*ABOUT THIS TASK*:
The line that contains "Shanti Maurice Resort" marks the start. Please set it down, with every later line of the data, exactly and without pictures.

*AVAILABLE DATA*:
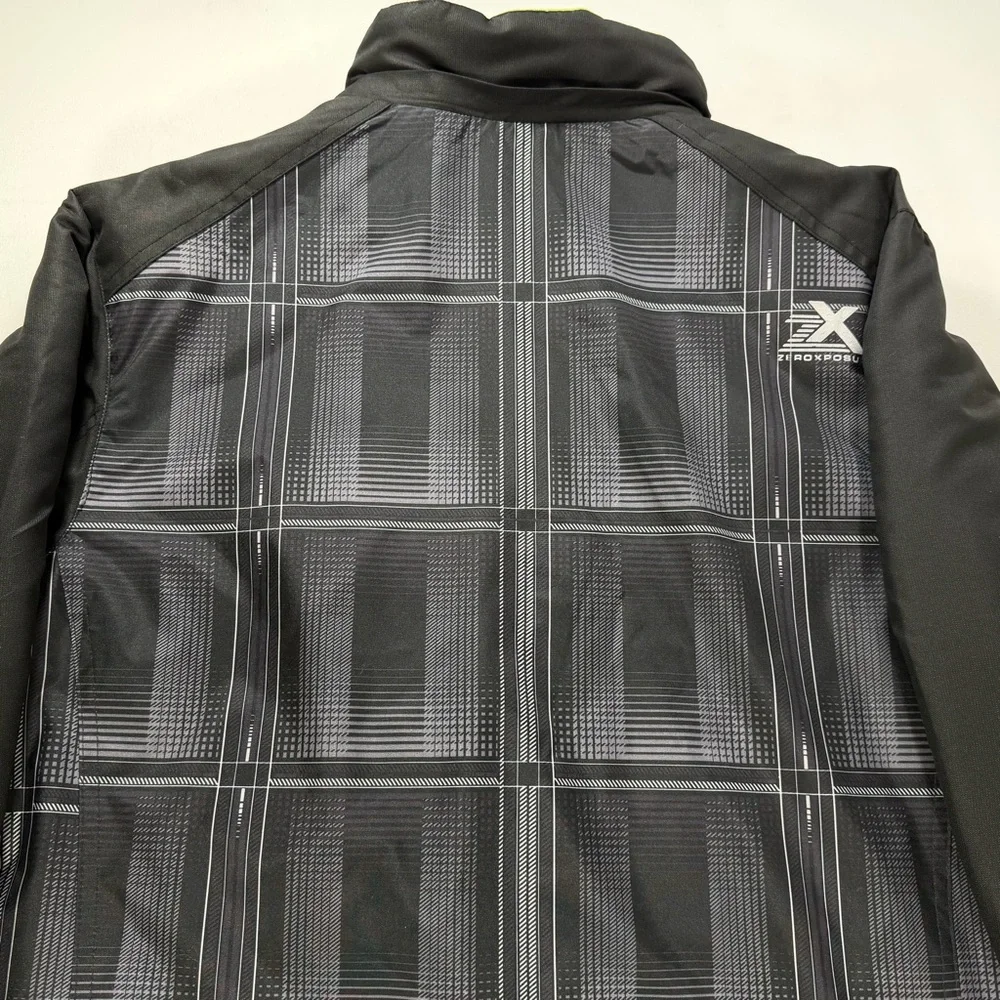 ZeroXposur Weather-Resistant Winter Jacket Size Boys' Large 14/16 - Picture 9 of 15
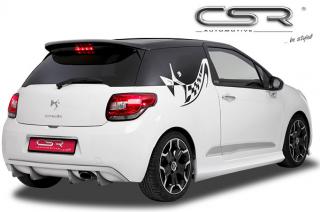 CITROEN DS3 - Zadní spoiler CSR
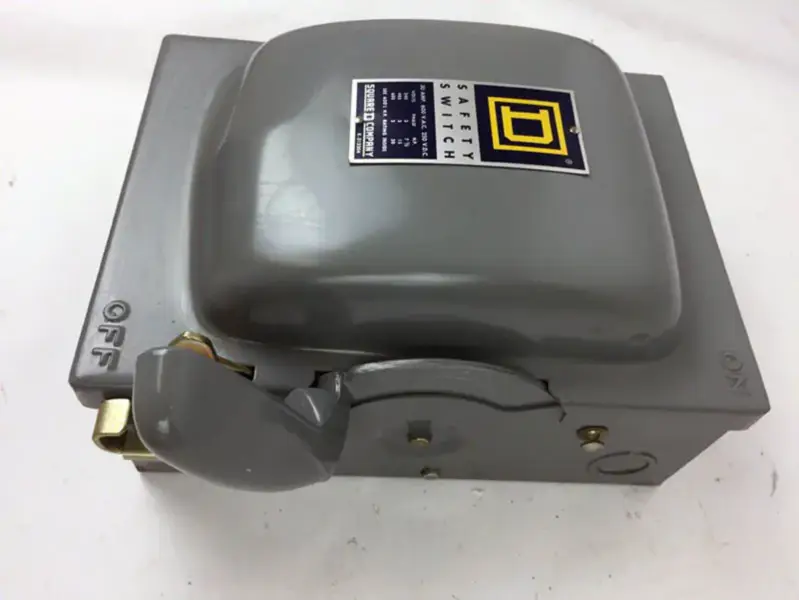Square D HU-361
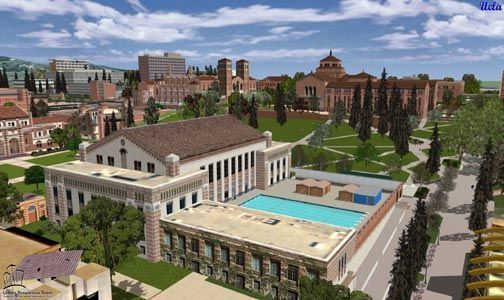 Trường quốc tế University California Los Angeles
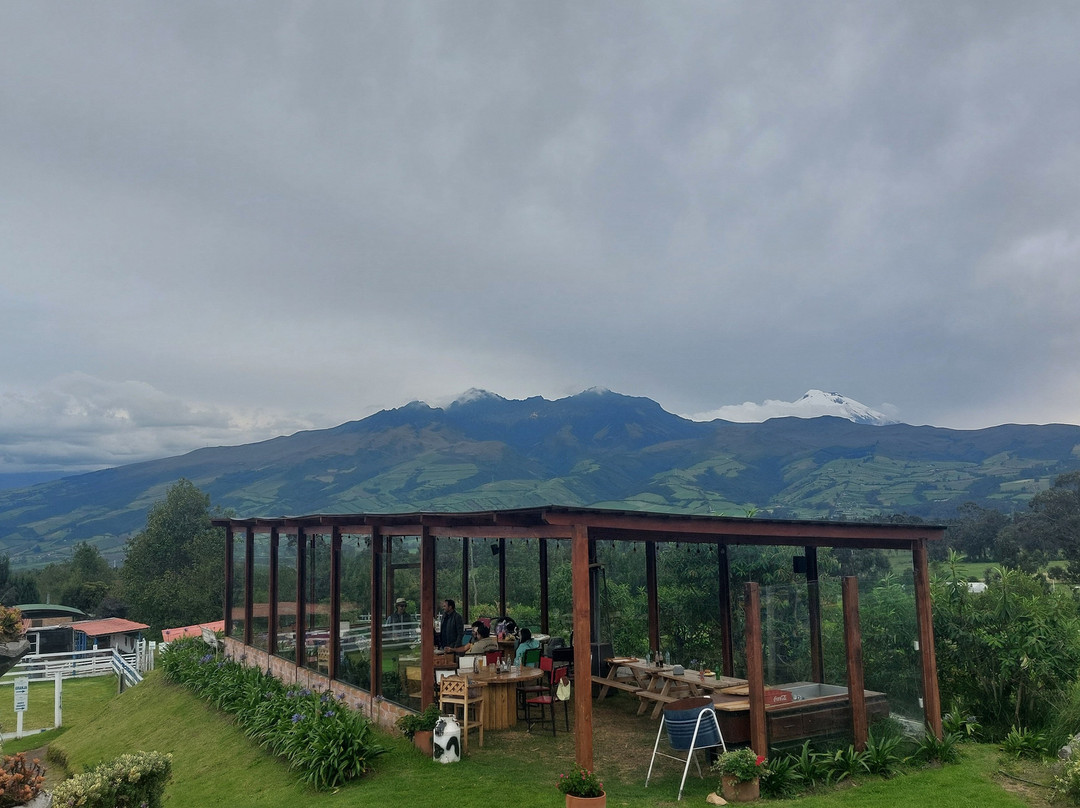 雷霍庄园酒店主图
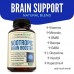 Nootropic Brain Booster with Copper, Memory, Mind, Focus, Promotes Concentration and Mental Performance Sale in Pakistan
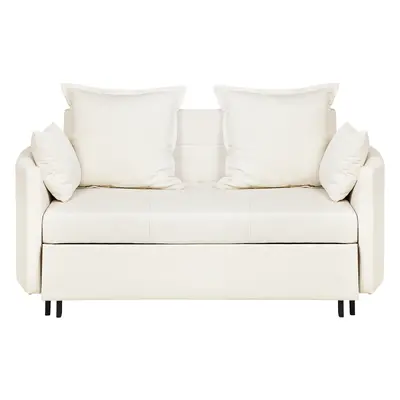 Sofa Bed HOVIN Beige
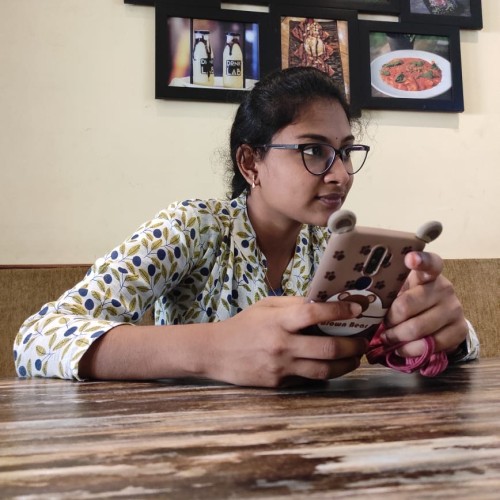 Saranya M.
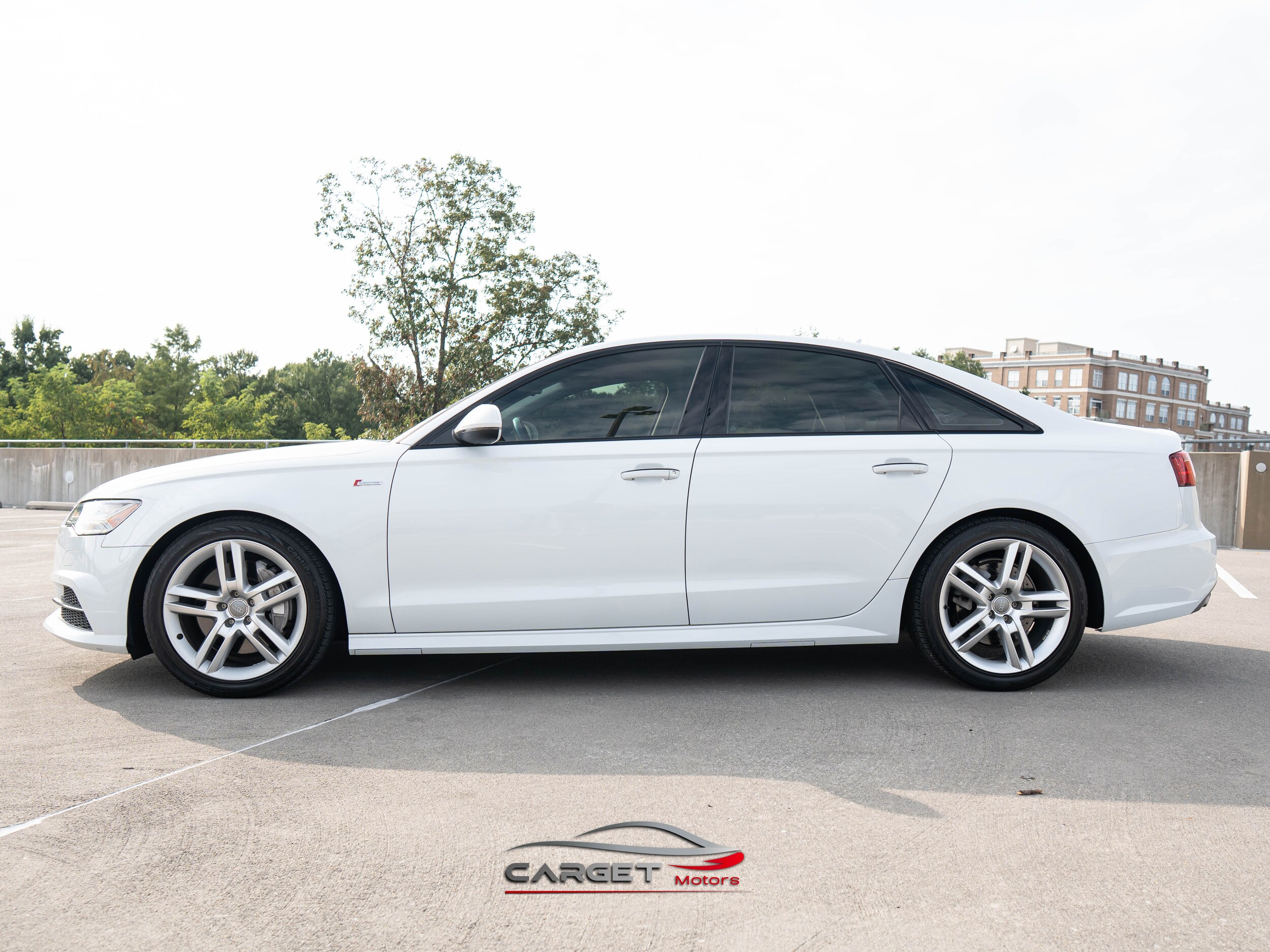 2016 Audi A6 3.0T Premium Plus photo 4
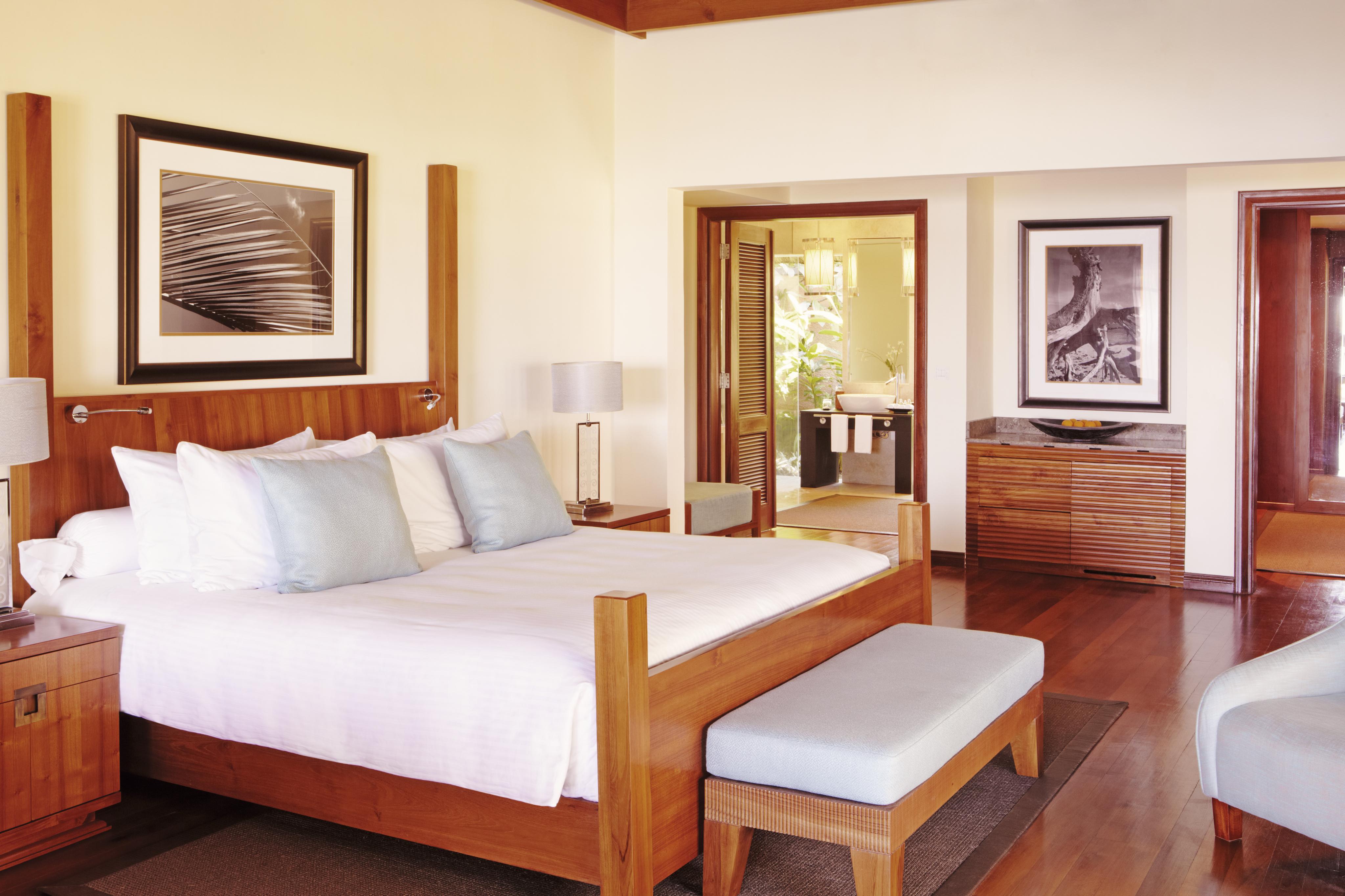 Shanti Maurice Resort & Spa Bel Ombre Ruang foto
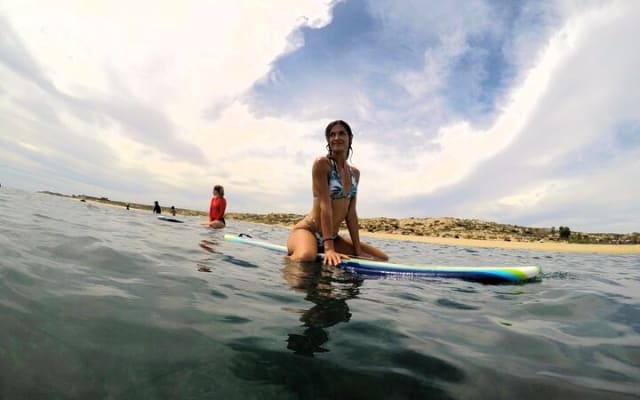 Private Surf Lessons Tours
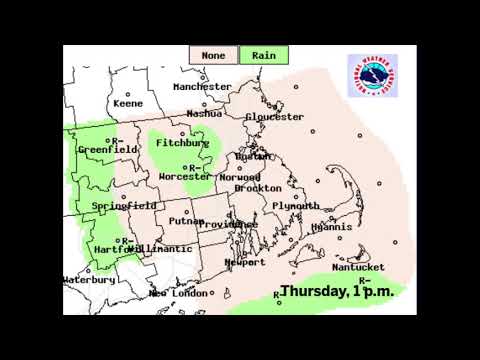 NWS: Storm forecast Thursday, March 1-Friday, March 2, 2018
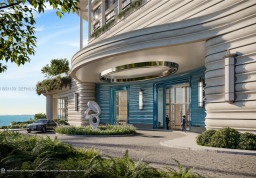 Apartment #21B at St Regis Miami Residences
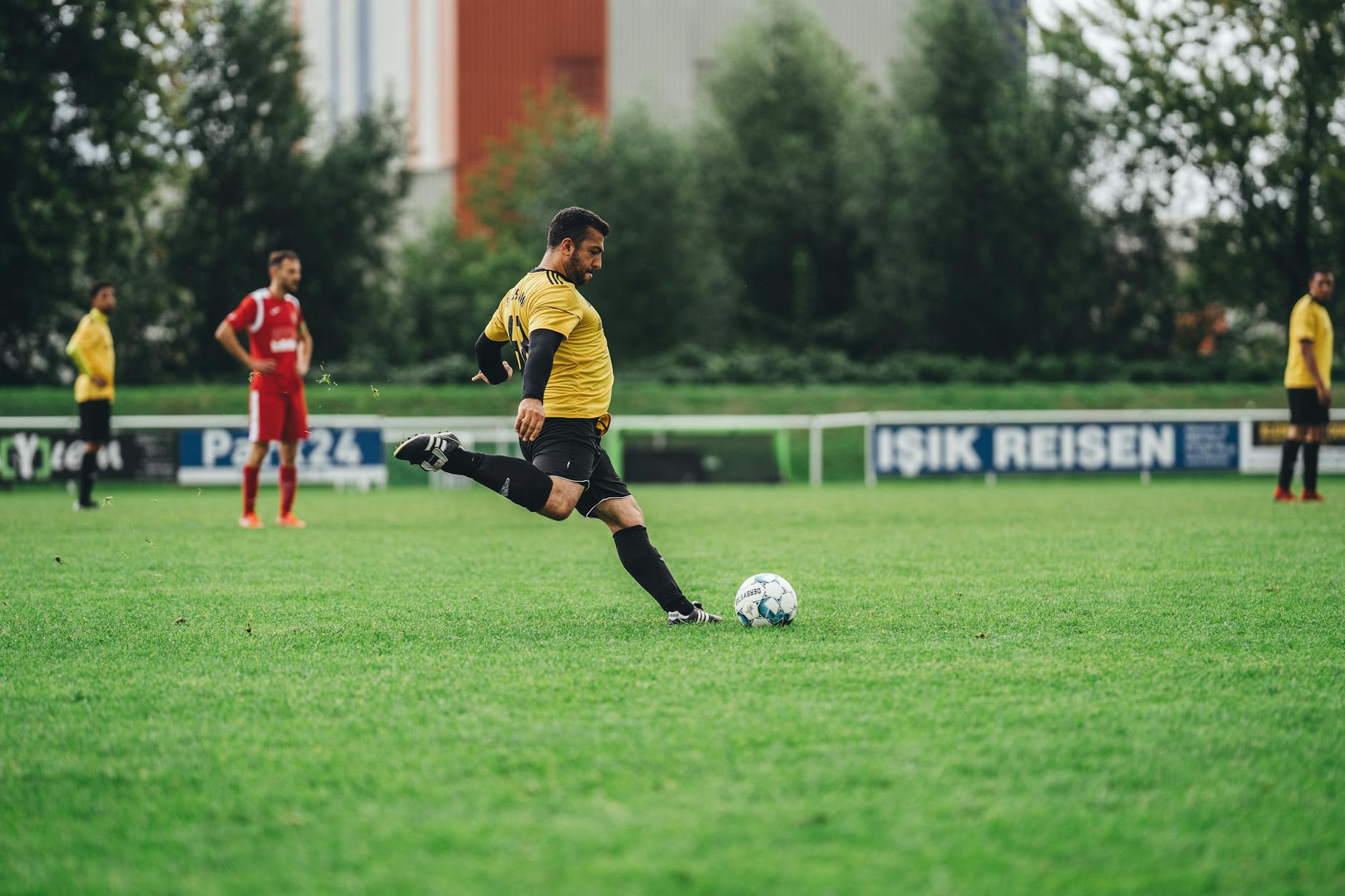 Detailansicht: Nico Schlotterbeck BVB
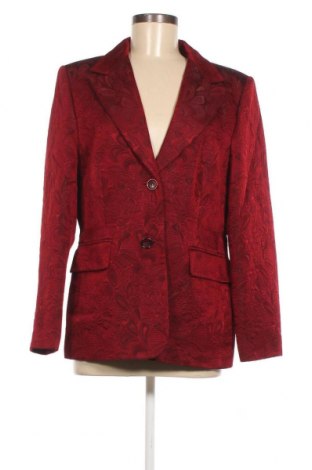 Дамско сако Vittoria Verani, Размер L, Цвят Червен, Цена 44,00 лв.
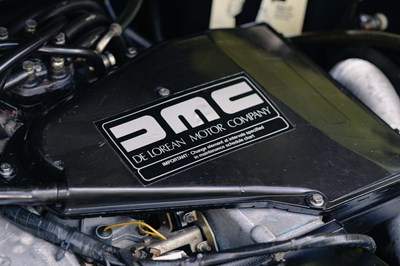 Lot 54 - 1982 Delorean DMC-12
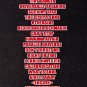 RED HOT CHILI PEPPERS IN CONCERT 11.6.2002 DVD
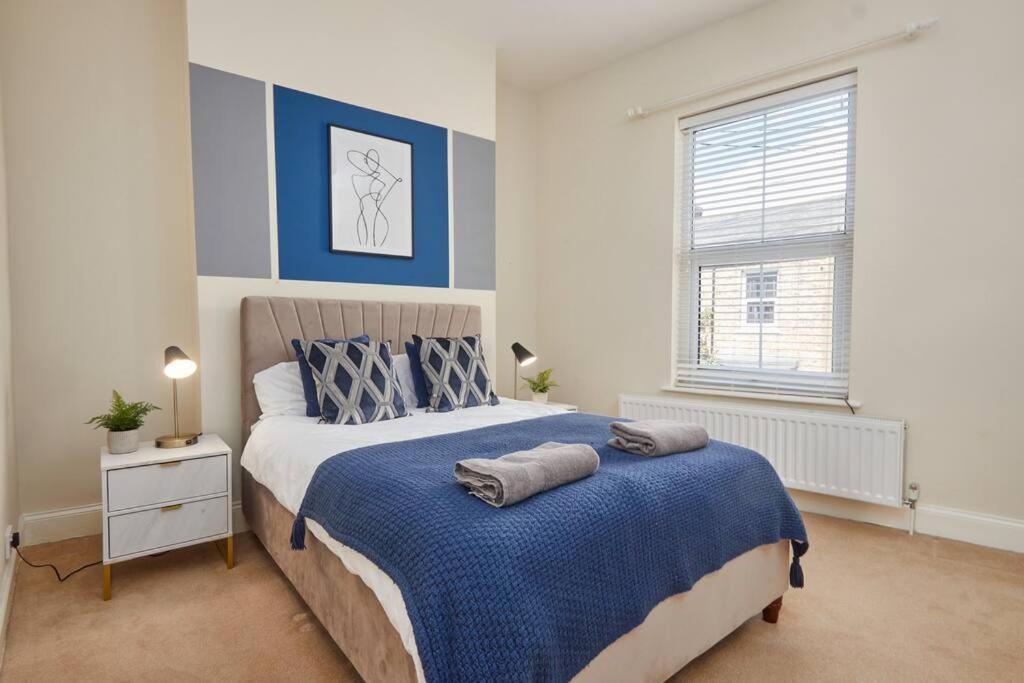Delightful Central York House Екстер'єр фото
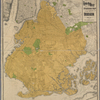 Rand McNally standard map of the borough of Brooklyn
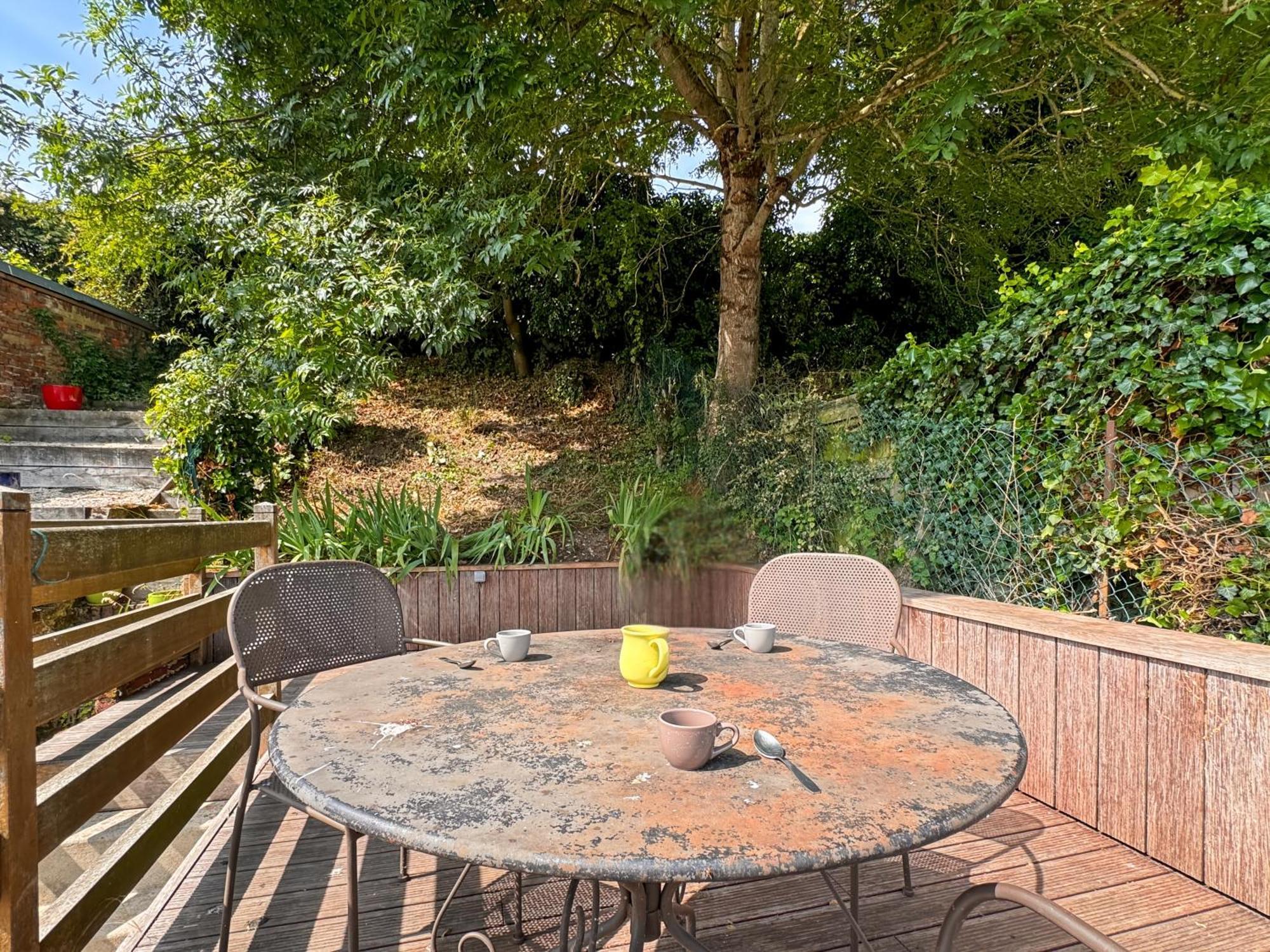 Ferienhaus Calme Et Authenticite Au Coeur Du Courtgain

*RESPONSE AREA*:
 Shanti Maurice Resort & Spa Bel Ombre Ruang foto
 Private Surf Lessons Tours
 NWS: Storm forecast Thursday, March 1-Friday, March 2, 2018
 Apartment #21B at St Regis Miami Residences
 Detailansicht: Nico Schlotterbeck BVB
 Дамско сако Vittoria Verani, Размер L, Цвят Червен, Цена 44,00 лв.
 Lot 54 - 1982 Delorean DMC-12
 RED HOT CHILI PEPPERS IN CONCERT 11.6.2002 DVD
Delightful Central York House Екстер'єр фото
 Rand McNally standard map of the borough of Brooklyn
 Ferienhaus Calme Et Authenticite Au Coeur Du Courtgain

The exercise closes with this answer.